Problem to work on: Lines containing the word "this" are to be copied from the data below.

Excerpted records:
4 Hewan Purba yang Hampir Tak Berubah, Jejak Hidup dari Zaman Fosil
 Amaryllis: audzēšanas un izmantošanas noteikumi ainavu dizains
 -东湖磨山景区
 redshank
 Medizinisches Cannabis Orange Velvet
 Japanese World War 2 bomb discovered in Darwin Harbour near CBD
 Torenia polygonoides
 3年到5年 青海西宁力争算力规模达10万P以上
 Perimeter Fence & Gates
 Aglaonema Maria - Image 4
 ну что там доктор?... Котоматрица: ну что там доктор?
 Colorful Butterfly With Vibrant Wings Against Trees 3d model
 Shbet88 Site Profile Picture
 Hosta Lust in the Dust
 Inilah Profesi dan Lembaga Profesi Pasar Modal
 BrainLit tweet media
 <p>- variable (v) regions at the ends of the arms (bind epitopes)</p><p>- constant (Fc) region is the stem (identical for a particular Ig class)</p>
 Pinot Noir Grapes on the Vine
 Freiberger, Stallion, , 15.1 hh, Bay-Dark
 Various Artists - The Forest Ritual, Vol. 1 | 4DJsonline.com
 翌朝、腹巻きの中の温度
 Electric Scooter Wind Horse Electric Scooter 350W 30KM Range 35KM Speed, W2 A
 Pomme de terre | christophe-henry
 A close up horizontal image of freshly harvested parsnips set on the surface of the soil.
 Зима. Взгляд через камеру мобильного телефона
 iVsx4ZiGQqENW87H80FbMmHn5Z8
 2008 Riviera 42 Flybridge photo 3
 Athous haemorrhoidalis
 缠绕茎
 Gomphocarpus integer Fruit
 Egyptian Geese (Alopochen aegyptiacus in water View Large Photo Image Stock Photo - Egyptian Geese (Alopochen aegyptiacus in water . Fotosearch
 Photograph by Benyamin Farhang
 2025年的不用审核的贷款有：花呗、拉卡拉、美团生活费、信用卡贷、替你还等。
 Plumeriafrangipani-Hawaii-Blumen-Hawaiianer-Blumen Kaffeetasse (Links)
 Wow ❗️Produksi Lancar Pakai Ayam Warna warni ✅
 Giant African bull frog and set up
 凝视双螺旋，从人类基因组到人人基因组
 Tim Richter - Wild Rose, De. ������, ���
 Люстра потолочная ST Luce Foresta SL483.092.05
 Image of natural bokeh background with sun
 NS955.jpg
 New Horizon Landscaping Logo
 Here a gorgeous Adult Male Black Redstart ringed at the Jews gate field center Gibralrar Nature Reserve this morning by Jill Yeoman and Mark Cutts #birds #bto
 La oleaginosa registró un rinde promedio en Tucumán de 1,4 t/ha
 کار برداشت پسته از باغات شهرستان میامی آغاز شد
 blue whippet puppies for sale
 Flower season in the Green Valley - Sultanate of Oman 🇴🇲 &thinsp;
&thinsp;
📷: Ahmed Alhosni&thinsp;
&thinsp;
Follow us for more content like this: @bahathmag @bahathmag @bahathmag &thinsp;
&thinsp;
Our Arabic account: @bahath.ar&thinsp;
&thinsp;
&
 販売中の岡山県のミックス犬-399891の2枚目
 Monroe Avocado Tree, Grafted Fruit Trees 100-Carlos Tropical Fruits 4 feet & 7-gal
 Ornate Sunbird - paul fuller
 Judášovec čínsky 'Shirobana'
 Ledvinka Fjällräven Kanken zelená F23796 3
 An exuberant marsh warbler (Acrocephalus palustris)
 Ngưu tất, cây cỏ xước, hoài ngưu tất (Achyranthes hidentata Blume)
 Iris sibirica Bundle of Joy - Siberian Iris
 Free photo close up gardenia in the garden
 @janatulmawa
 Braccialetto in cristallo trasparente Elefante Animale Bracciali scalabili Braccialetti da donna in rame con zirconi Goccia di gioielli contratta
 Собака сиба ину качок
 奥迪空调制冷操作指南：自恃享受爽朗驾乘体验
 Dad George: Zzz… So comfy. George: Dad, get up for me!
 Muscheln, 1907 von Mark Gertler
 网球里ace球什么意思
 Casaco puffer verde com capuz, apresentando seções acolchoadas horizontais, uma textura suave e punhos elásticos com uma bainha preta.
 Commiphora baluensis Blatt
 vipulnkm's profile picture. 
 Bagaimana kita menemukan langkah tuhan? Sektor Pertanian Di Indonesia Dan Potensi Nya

Your solution:
 Here a gorgeous Adult Male Black Redstart ringed at the Jews gate field center Gibralrar Nature Reserve this morning by Jill Yeoman and Mark Cutts #birds #bto
Follow us for more content like this: @bahathmag @bahathmag @bahathmag &thinsp;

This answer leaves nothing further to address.